Updated immunization recommendations for flu shots for children have been unveiled by three leading U.S. health groups.

The revised 2009 schedule calls for routine annual flu shots for children aged 6 months through 18 years. The previous recommendation applied to children from 6 months to 59 months of age. The new recommendation increases the number of eligible children by approximately 30 million.

"Vaccination is the best protection against influenza," Dr. Anne Schuchat, director of the U.S. Centers for Disease Control and Prevention's National Center for Immunization and Respiratory Disease, said in a news release issued Wednesday. "This important update to the childhood immunization schedule helps us extend protection from influenza and its complications to all children between the ages of 6 months and 18 years, not just those at highest risk of complications from influenza."

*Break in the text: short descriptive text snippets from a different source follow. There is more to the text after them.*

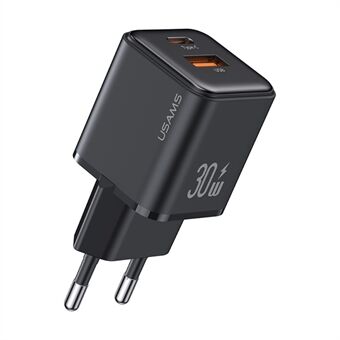 USAMS US-CC189 PD 30W opladeradapter met Type-C + USB-A dubbelpoorts gegalvaniseerde mini draagbare wandoplader (EU-stekker)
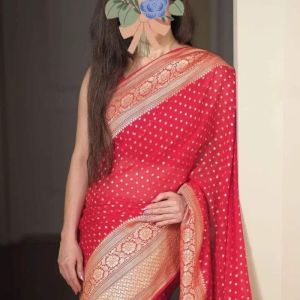 Semi Georgette silk Banarasi saree 5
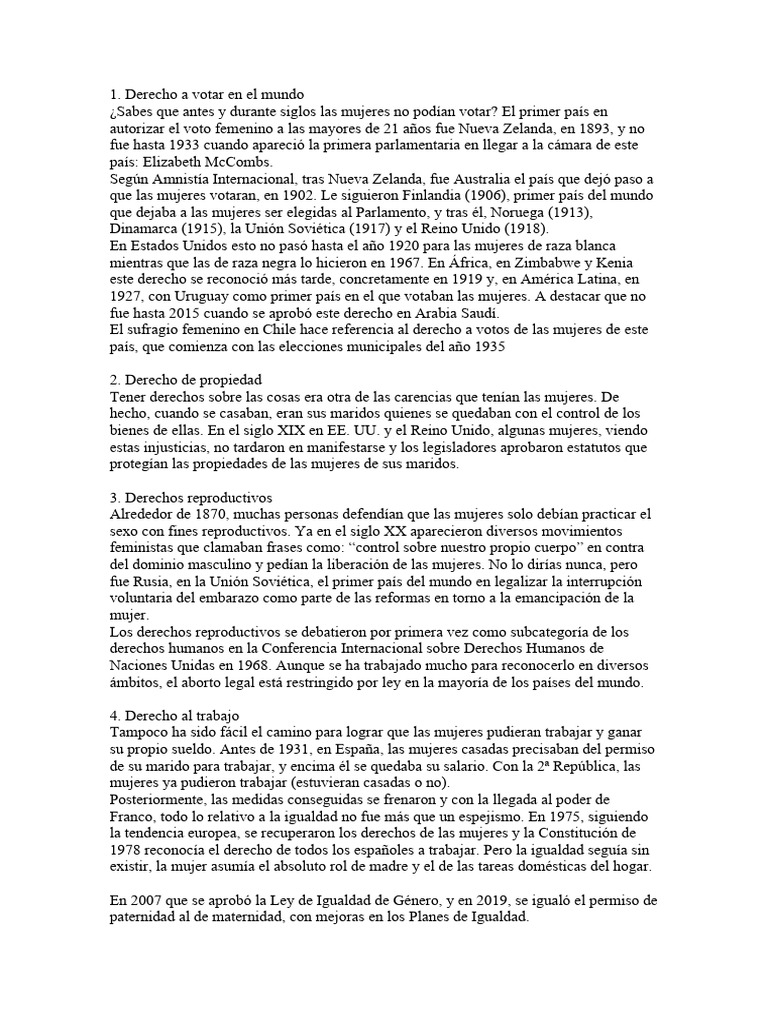 Historia de los derechos de las mujeres | PDF | Mujer | Estudios de género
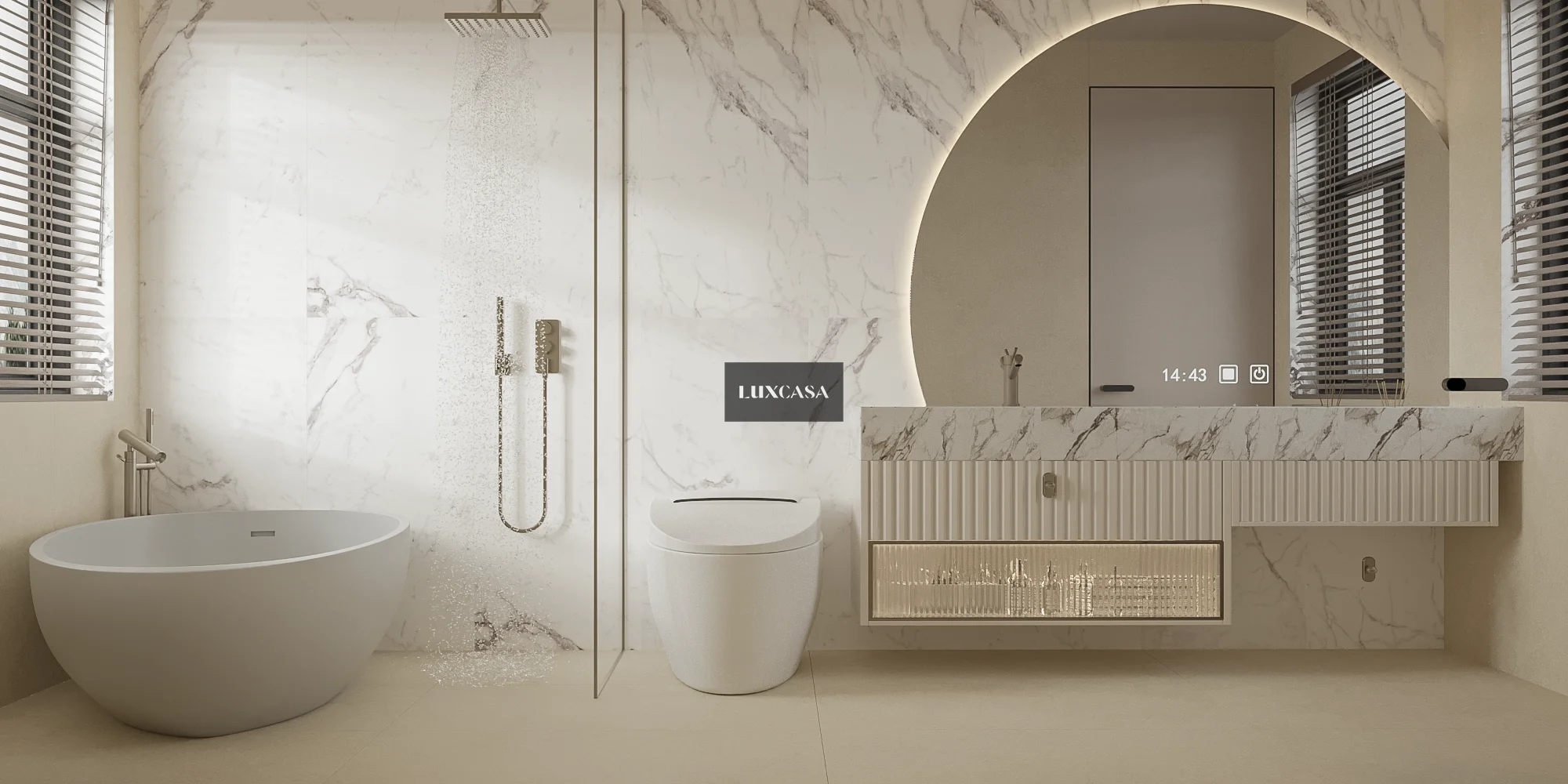 Gạch trắng vân mây mờ ốp wc 60x120 612LUR12001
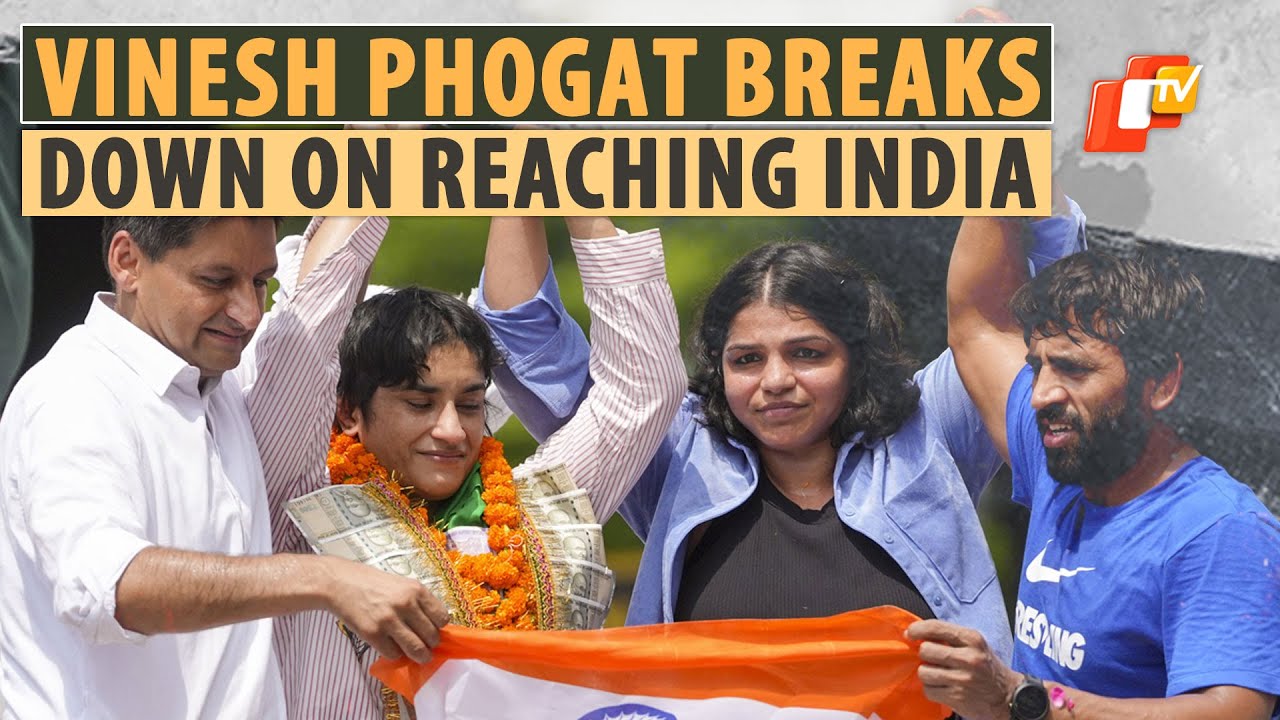 Wrestler Vinesh Phogat Receives Warm Welcome At Delhi Airport Upon Arrival From Paris Olympics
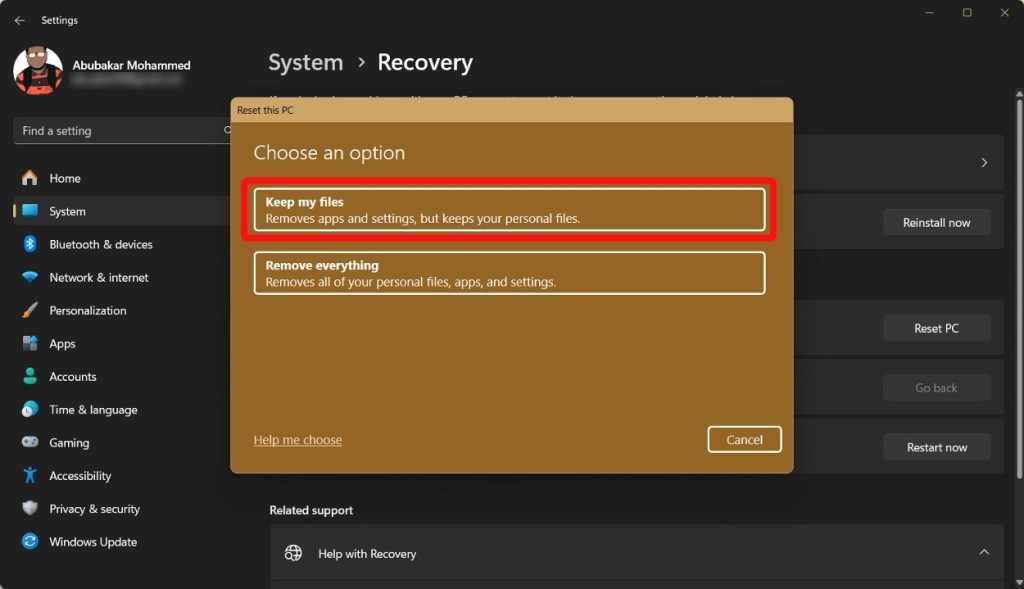 windows recovery option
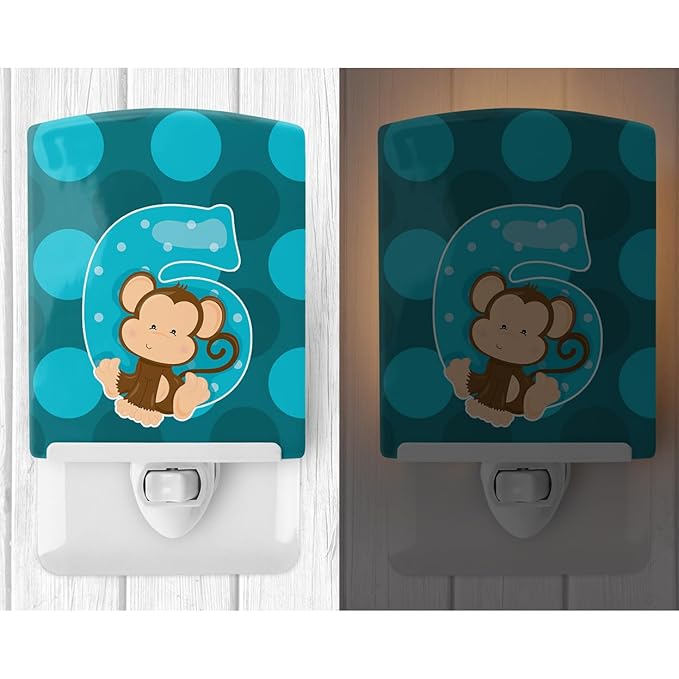 Caroline's Treasures BB9013CNL Zoo Month 6 Monkey Ceramic Night Light Compact, UL-Certified, Ideal for Bedroom, Bathroom, Nursery, Hallway, Kitchen, 6x4x3, Multicolor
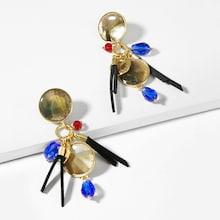Shein Double Round & Bead Drop Earrings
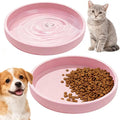 2 Pcs Silicone Cat Bowls Non-Slip Cat Dish for Dry & Wet Food Shallow Relief Whisker Fatigue Pet Bowl Set for Cats Small Dogs, Pink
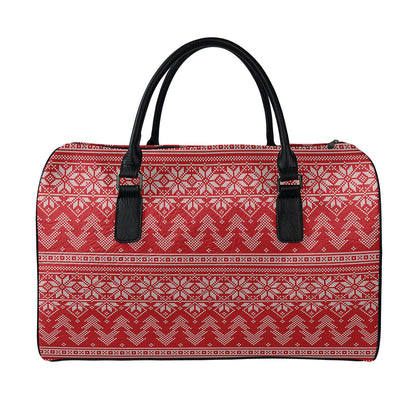 Christmas Festive Knitted Pattern Print Leather Duffle Bag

The other health groups announcing the new vaccination schedule were the American Academy of Pediatrics and the American Academy of Family Physicians.

Recommendations for inoculation against rotavirus -- a disease that causes diarrhea in young children -- include changes for the maximum ages for vaccination. The first dose should be given by 15 weeks of age. The latest age any dose may be given is 15 months. If the vaccine Rotarix is administered at ages 2 and 4 months, a dose at 6 months is not needed, the news release said.

The revised schedule also clarifies vaccination against human papillomavirus, the leading cause of cervical cancer in women. Routine dosing intervals should be used for series catch-up -- i.e., the second and third doses should be administered two and six months after the first dose. The third dose should be given at least 24 weeks after the first dose, the release said.